As more parts were dissected from the microwave, the more interested they were at figuring out where all of the wires were connected to and what gadgets were inside. It was like a huge puzzle for them. They really started paying attention to what screws were attached to and what things were connecting to each other. As one child was unscrewing some screws another noticed that this big heavy piece was attached to the screws he was undoing. It's small observations like this, that show children the direct effect of what the screws were doing to specific parts. When all the screws were removed, the piece fell with a heavy thud.
By the end of their time, they had gutted and taken apart most of the microwave. They had also been able to get plenty of experience in using the tools in the class which is great motor skills for the kids to be developing. Their excitement to take apart the microwave gave them the opportunity to see the technology inside and the engineering it takes it take to construct a very common household item that the they are familiar with. Even though they don't understand what everything does or how it operates, it still encourages and sparks ideas to create their own pieces of technology with their imagination.
The children came in very excited to come to the STEAM room for their first time. There was lots to look at for the children of the Oval class. They instantly went right to the bamboo and admired at how long and big the pieces were. As a group they decided they wanted to make a stage to perform music on. Placing the bamboo down they noticed that the surface was not good enough or stable enough for all of them to stand on. They found and placed some square wooden blocks on the floor and deemed it their stage. They now just needed instruments to play. They walked around and looked at items all around the room, testing to see how they sounded.

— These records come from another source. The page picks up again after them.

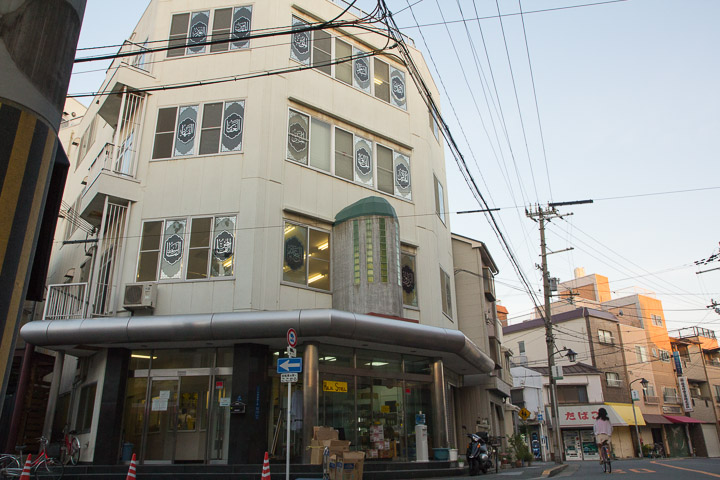 Grande mosquée d'Ōsaka avec magasin de produits halal © Camille Oger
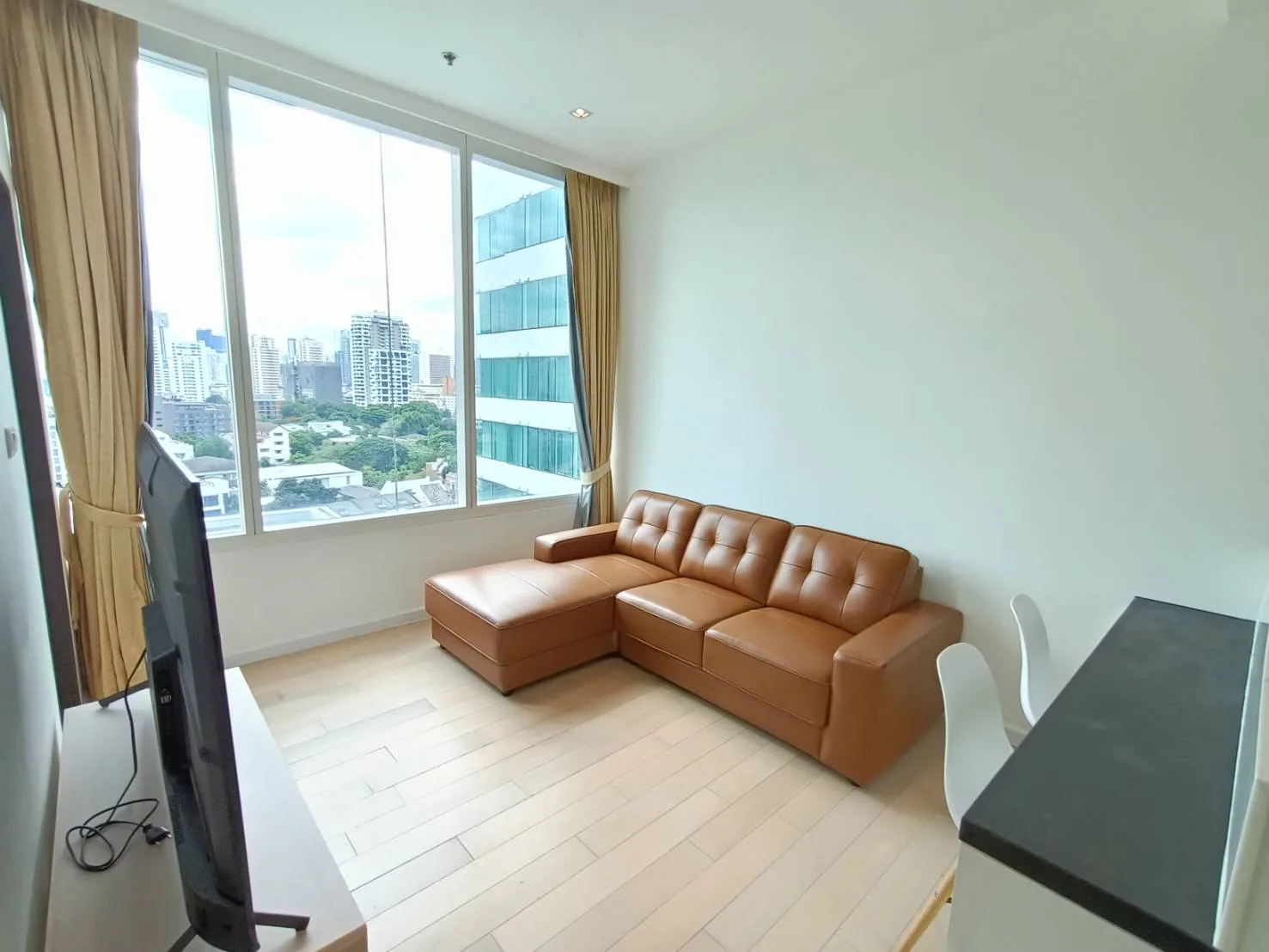 Property photos for Eight Thonglor Residence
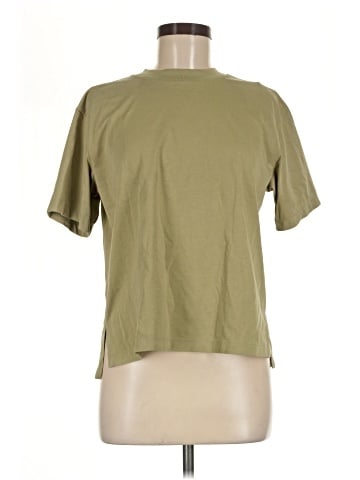 Uniqlo Short Sleeve T-Shirt (view 1)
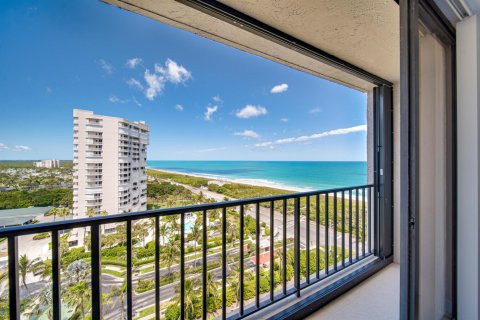 Condo in Hutchinson Island South, Florida, 2 bedrooms  № 1055045 - photo 19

When they came to the Styrofoam it made a loud drum like sound. They put on a short performance of songs when I asked them,
"Could we make a real instrument with something? Could we use this bamboo?"
We brought over a big piece of bamboo. We looked at it carefully, noticing how it felt, questioning what is inside bamboo and how we could open it to find out? The first child suggested using a knife to cut the bamboo open. We didn't have a knife, so I asked,
"What else could we use?"
Another child said we needed tools. We grabbed the tool box and looked to see what a good tool would be. A child pulled out a screwdriver to poke and hit the bamboo but it didn't open. Another child took out a hammer and started hitting it hard. It didn't break or even split the bamboo. They all realized the bamboo is stronger and harder than what they had probably expected it to be.
I showed them a saw asked them, "What do we do with this?" They knew we should use the saw to cut the bamboo open. Three children held one end of the bamboo. Another helped to cut a piece. We looked inside and there was nothing but a hole. Everyone got a chance to help cut a piece. One child clacked the two pieces together and noticed the sound. They said it was an instrument and brought it back to their class to use it for their band time.